> INFORMATION
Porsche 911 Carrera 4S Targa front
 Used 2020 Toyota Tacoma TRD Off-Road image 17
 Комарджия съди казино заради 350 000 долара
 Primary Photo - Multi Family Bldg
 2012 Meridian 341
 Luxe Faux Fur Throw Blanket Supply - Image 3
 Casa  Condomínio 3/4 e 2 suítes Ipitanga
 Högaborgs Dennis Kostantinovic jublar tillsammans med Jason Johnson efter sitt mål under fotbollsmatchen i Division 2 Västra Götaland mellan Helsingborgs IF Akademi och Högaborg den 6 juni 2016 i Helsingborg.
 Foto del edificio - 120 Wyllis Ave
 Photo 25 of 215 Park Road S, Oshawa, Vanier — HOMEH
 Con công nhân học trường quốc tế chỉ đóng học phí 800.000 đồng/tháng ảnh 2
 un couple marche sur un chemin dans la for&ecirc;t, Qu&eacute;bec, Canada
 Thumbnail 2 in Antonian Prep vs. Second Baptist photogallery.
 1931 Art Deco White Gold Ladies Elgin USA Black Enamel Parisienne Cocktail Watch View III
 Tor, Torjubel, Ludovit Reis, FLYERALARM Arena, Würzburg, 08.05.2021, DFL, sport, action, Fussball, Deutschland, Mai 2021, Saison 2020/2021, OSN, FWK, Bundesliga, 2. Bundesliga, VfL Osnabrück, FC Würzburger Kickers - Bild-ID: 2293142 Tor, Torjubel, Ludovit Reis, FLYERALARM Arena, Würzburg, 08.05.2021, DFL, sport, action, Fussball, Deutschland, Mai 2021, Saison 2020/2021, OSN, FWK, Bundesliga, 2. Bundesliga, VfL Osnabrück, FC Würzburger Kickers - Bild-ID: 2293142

> WORK ORDER
Exactly as written, repeat each line from the beginning of the data above to the line containing "Photo 25 of", inclusive.

> SOLUTION TO THIS TASK
Porsche 911 Carrera 4S Targa front
 Used 2020 Toyota Tacoma TRD Off-Road image 17
 Комарджия съди казино заради 350 000 долара
 Primary Photo - Multi Family Bldg
 2012 Meridian 341
 Luxe Faux Fur Throw Blanket Supply - Image 3
 Casa  Condomínio 3/4 e 2 suítes Ipitanga
 Högaborgs Dennis Kostantinovic jublar tillsammans med Jason Johnson efter sitt mål under fotbollsmatchen i Division 2 Västra Götaland mellan Helsingborgs IF Akademi och Högaborg den 6 juni 2016 i Helsingborg.
 Foto del edificio - 120 Wyllis Ave
 Photo 25 of 215 Park Road S, Oshawa, Vanier — HOMEH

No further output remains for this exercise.